GENEL - 21 Eylül 2020 Pazartesi 10:24

Türkler Yunanlıları, Yunanlılar Türkleri anlattı

A
A
A
Türkler Yunanlıları, Yunanlılar Türkleri anlattı

Yaşar Üniversitesi Öğretim Görevlisi Dr.

Yaşar Üniversitesi Öğretim Görevlisi Dr. Uğur Oral’ın Türkiye’de ve Yunanistan’da eş zamanlı olarak gerçekleştirdiği araştırma, iki toplumun birbirleri hakkındaki görüşlerini ortaya koydu. Araştırmaya katılan Türklerin ve Yunanlıların yanıtlarında dostluk ve barış çağrısı öne çıktı.

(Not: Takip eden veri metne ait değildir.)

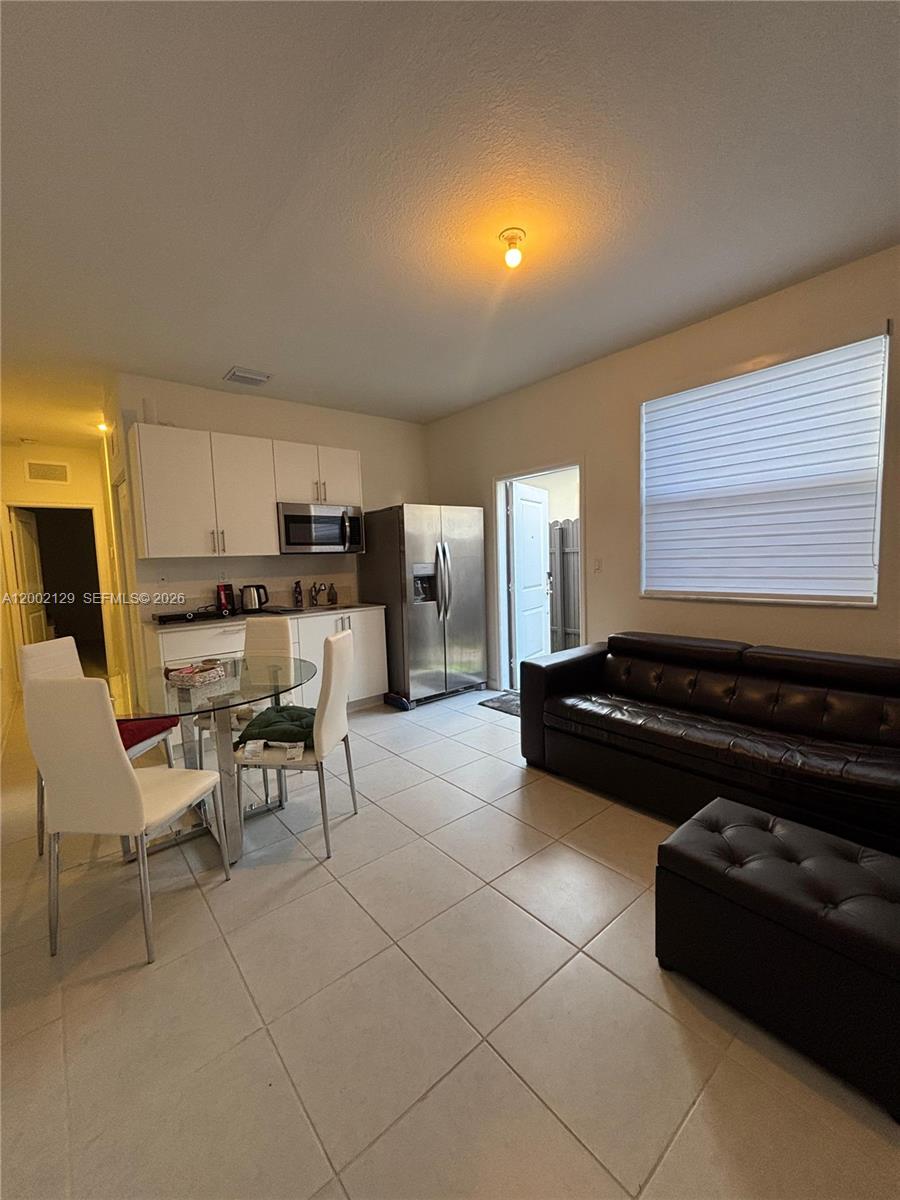 16144 Southwest 148th Place Miami, FL 33187 - Photo 25 of 29 In-laws suite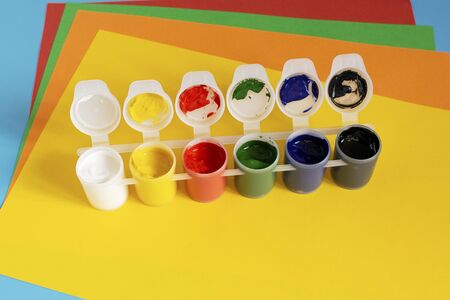Stack of multi-colored paper and paint for drawing on a blue background.の写真素材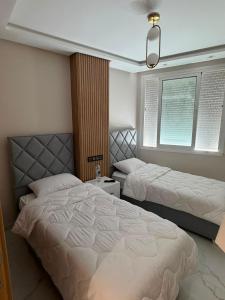 a bedroom with two beds and a window at appartement de luxe tanger in Tangier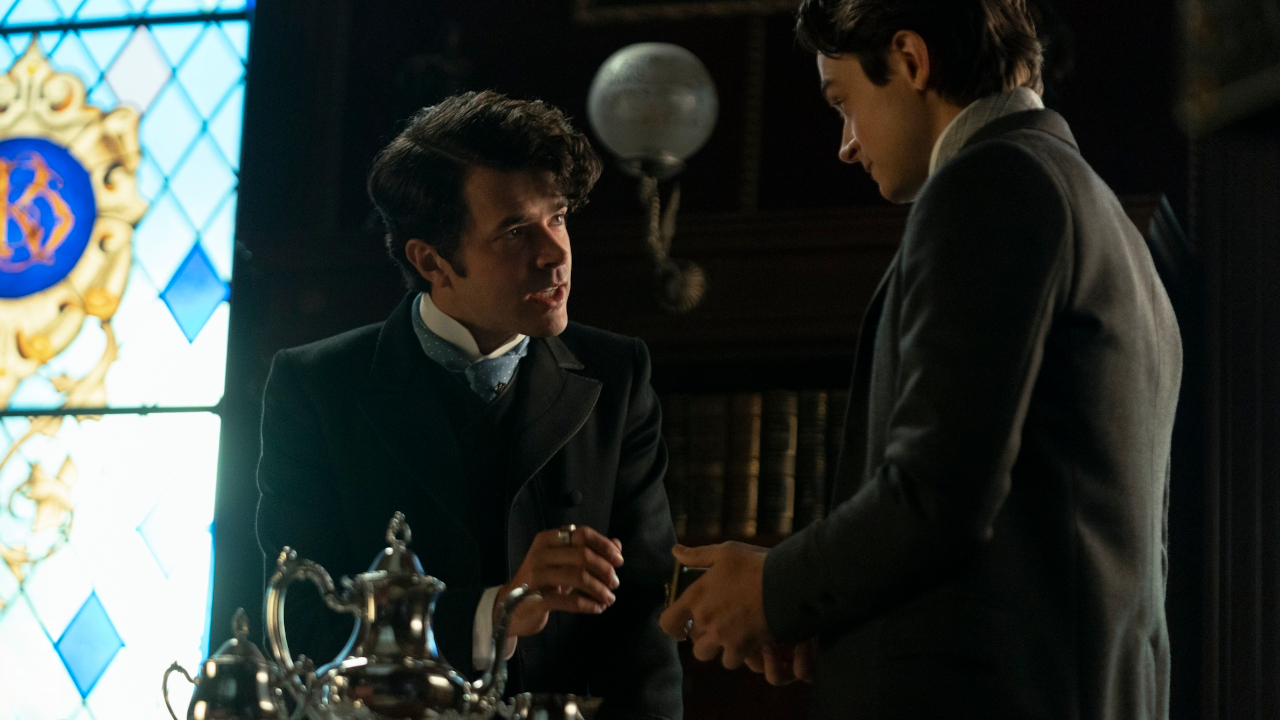 Harry Richardson stands speaking passionately to Ben Ahlers in The Gilded Age S3 E1 "Who Is In Charge Here?"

Yaşar Üniversitesi Öğretim Görevlisi Dr. Uğur Oral’ın gerçekleştirmiş olduğu "Türk ve Yunan Halklarının Bakış Açılarıyla Türkiye-Yunanistan İlişkilerinin Analizi" başlıklı çalışma, ilk defa iki toplumu aynı araştırmada buluşturdu. Türkiye’de ve Yunanistan’da eş zamanlı olarak gerçekleştirilen araştırmada, Türklere ve Yunanlılara iki ülke arasında tarihten gelen konulara, gündemdeki sorunlara ve Türk-Yunan ilişkilerine yönelik 31 farklı soru yöneltildi. Her iki ülkenin de farklı coğrafyalarında yaşamakta olan 495 Türk ve 324 Yunanlının katıldığı araştırmada, iki toplumun hangi konularda hemfikir hangi konularda ise fikir ayrılığı içinde olduklarına dair çok çarpıcı bulgulara ulaşıldı.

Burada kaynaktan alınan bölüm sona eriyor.